*Exercise goal*:
Could you give the listing again exactly, without its pictures?
Segment Start: Collected data
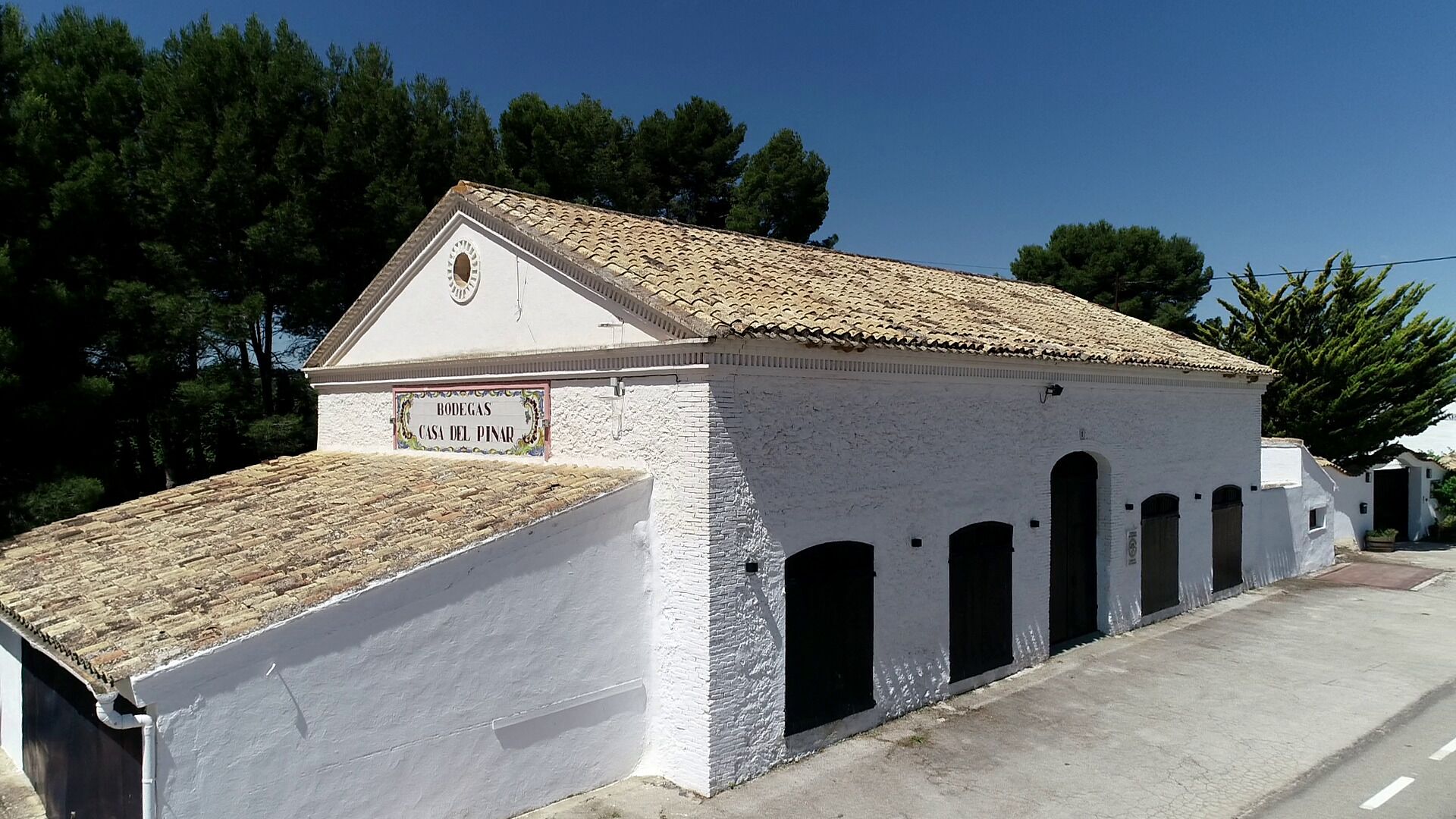 A white building with a tiled roof and a sign reading "BODEGAS CASA DEL PINAR".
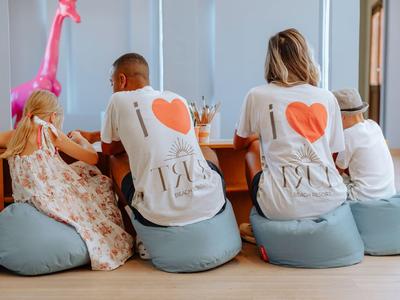 Famille en t-shirts assortis assise sur des coussins au sol à une table en bois dans un cadre chaleureux.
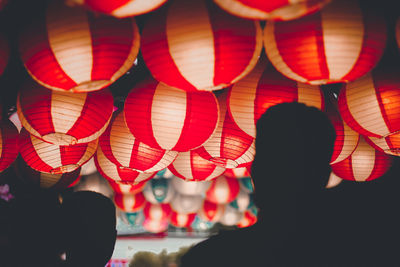 Rear view of silhouette people by illuminated lanterns hanging at night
Segment End: Collected data
*Exercise solution*:
 A white building with a tiled roof and a sign reading "BODEGAS CASA DEL PINAR".
 Famille en t-shirts assortis assise sur des coussins au sol à une table en bois dans un cadre chaleureux.
 Rear view of silhouette people by illuminated lanterns hanging at night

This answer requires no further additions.